Company Rs. 47 lakh equity shares having a face value of 10 per share at Rs. 121, plans to list on NSE’s SME Emerge platform
Mumbai, September 26, 2022: Medical device company QMS Medical Allied Services Limited on September 27 announced its Rs. 56.87 crore public issue will open for subscription. Use of proceeds of public issue to meet additional working capital requirements and general corporate purposes
including to fund the company’s expansion plans. The company has received approval to launch its public issue on the National Stock Exchange’s SME Emerge platform. First Overseas Capital Limited is the lead manager of the issue. The public issue will close on September 30.
In the IPO per share Rs. 121 (including premium of Rs. 111 per equity share) at Rs. 10 per share comprising an offer for sale of 19 lakh equity shares and fresh issue of 28 lakh equity shares valued at Rs. 56.87 crores.
After the issue, the promoter group holding in the company will be 73.67%. The minimum lot size for application is 1,000 shares worth Rs. 1.21 lakhs. The retail allocation for the IPO is 50%. The share of market maker reservation is 2.36 lakh equity shares.
Mr. Mahesh Makhija, Founder Promoter and Managing Director, QMS Medical Allied Services Limited said, “We are moving towards our goal of becoming a comprehensive solution provider and providing advanced diagnostic methods to our customers.
We will partner with leading healthcare manufacturers worldwide to support these practices and services so our customers can make better healthcare decisions.

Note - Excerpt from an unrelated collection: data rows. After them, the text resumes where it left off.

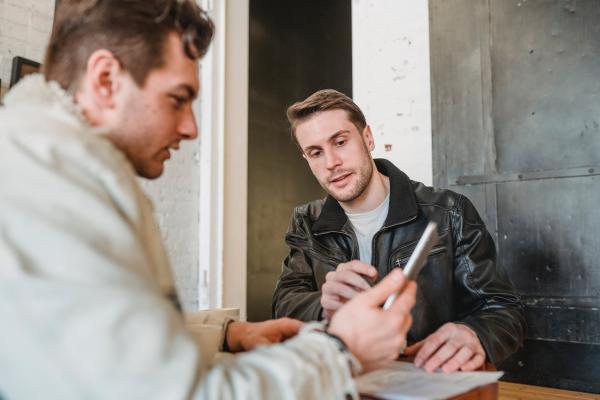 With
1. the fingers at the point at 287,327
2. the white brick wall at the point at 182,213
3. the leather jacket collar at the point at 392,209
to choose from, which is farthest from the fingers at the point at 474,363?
the white brick wall at the point at 182,213

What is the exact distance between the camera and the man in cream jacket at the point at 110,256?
47 centimetres

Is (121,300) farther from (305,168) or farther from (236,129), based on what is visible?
(305,168)

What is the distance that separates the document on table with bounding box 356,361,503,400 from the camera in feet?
2.73

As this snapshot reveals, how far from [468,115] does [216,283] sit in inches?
79.7

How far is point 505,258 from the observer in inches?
104

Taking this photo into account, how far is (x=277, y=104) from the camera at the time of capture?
4473 mm

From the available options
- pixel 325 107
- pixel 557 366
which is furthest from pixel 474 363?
pixel 557 366

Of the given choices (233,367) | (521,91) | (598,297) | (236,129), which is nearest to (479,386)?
(233,367)

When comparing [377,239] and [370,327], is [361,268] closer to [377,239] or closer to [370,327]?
[377,239]

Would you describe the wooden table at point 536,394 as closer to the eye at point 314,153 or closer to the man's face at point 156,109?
the eye at point 314,153

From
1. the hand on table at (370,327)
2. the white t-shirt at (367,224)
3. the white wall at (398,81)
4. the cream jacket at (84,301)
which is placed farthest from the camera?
the white wall at (398,81)

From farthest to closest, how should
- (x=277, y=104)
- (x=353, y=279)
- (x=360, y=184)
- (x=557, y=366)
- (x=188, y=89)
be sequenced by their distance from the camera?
(x=277, y=104) → (x=557, y=366) → (x=360, y=184) → (x=353, y=279) → (x=188, y=89)

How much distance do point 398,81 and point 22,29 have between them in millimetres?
2180

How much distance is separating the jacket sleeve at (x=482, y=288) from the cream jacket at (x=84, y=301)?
1037 millimetres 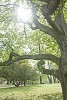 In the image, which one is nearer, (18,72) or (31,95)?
(31,95)

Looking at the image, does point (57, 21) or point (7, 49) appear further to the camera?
point (7, 49)

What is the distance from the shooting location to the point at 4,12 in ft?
62.2

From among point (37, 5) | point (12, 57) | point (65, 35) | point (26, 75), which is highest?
point (37, 5)

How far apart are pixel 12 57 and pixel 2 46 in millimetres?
2919

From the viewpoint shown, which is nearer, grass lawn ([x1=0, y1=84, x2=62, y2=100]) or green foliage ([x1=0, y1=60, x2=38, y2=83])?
grass lawn ([x1=0, y1=84, x2=62, y2=100])

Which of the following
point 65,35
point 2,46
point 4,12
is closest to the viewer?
point 65,35

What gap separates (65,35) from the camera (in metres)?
15.4

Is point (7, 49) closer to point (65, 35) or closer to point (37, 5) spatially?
point (65, 35)

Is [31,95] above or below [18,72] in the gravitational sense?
above

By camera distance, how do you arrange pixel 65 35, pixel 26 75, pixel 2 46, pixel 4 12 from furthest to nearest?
pixel 26 75, pixel 2 46, pixel 4 12, pixel 65 35

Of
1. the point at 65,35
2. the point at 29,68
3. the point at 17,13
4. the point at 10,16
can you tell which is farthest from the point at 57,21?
the point at 29,68

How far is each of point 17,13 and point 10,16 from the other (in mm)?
1545

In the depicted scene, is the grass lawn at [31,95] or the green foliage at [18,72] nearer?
the grass lawn at [31,95]

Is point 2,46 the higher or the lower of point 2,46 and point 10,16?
the lower
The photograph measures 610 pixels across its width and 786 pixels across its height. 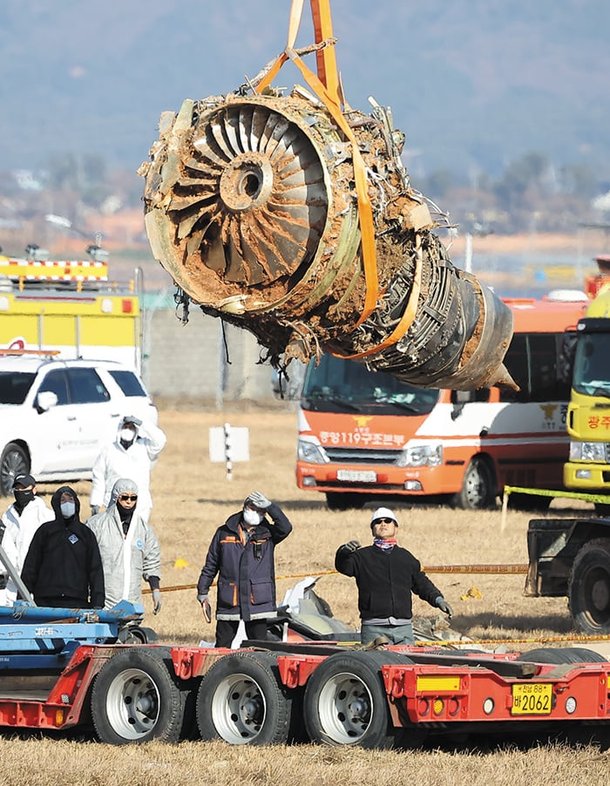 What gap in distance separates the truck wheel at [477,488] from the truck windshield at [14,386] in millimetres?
5864

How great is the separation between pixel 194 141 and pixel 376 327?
4.49ft

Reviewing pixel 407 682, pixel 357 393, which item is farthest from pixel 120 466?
pixel 357 393

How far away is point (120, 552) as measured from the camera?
1328 centimetres

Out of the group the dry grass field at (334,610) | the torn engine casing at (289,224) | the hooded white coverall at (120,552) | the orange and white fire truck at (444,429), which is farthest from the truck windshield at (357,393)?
the torn engine casing at (289,224)

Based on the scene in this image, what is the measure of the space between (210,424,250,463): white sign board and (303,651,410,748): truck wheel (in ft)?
67.3

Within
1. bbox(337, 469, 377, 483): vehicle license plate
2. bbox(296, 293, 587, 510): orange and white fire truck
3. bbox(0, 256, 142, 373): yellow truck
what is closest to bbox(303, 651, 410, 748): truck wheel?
bbox(296, 293, 587, 510): orange and white fire truck

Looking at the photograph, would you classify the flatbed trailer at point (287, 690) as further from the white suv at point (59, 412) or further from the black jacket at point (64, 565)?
the white suv at point (59, 412)

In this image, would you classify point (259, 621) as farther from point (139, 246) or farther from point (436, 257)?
point (139, 246)

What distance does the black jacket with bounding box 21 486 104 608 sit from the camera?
42.4 feet

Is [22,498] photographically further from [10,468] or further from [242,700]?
[10,468]

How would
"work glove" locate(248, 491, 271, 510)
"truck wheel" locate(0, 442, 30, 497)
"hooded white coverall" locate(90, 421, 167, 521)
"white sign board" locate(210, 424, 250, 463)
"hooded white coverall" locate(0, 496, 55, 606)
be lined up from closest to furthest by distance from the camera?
"work glove" locate(248, 491, 271, 510) → "hooded white coverall" locate(0, 496, 55, 606) → "hooded white coverall" locate(90, 421, 167, 521) → "truck wheel" locate(0, 442, 30, 497) → "white sign board" locate(210, 424, 250, 463)

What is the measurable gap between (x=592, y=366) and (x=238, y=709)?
9.40 m

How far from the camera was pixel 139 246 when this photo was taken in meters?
150

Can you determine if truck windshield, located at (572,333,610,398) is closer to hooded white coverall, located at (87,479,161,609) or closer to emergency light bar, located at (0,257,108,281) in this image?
hooded white coverall, located at (87,479,161,609) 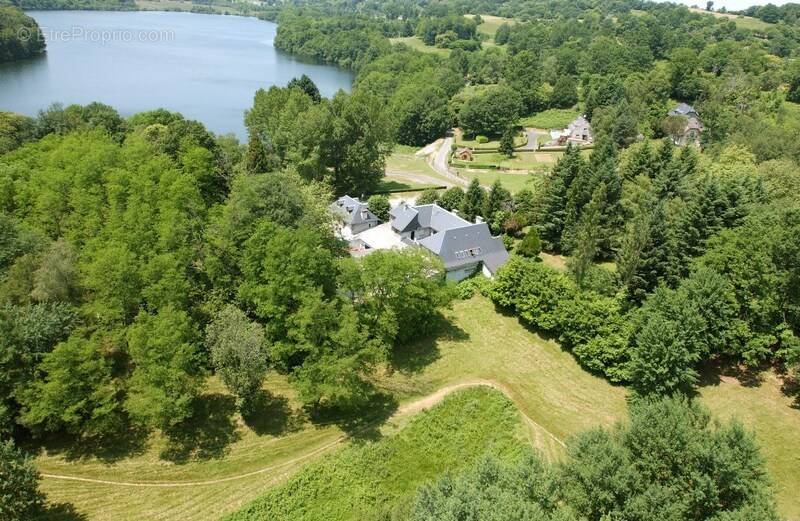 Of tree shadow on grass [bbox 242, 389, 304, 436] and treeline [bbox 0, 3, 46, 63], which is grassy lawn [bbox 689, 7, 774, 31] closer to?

We will continue to strive to revolutionize healthcare services for doctors and the medical community for a prosperous and healthy life for all.”
“Government is taking supportive measures like encouraging indigenous manufacturing of hi-tech medical devices, production linked incentive schemes (PLI) of medical devices, new medical devices parks etc. to boost the overall growth of the domestic medical devices market in India. We hope that after the proposed public issue we will be able to execute our growth strategy in a manner that maximizes value creation for all stakeholders with continued delivery of quality products.”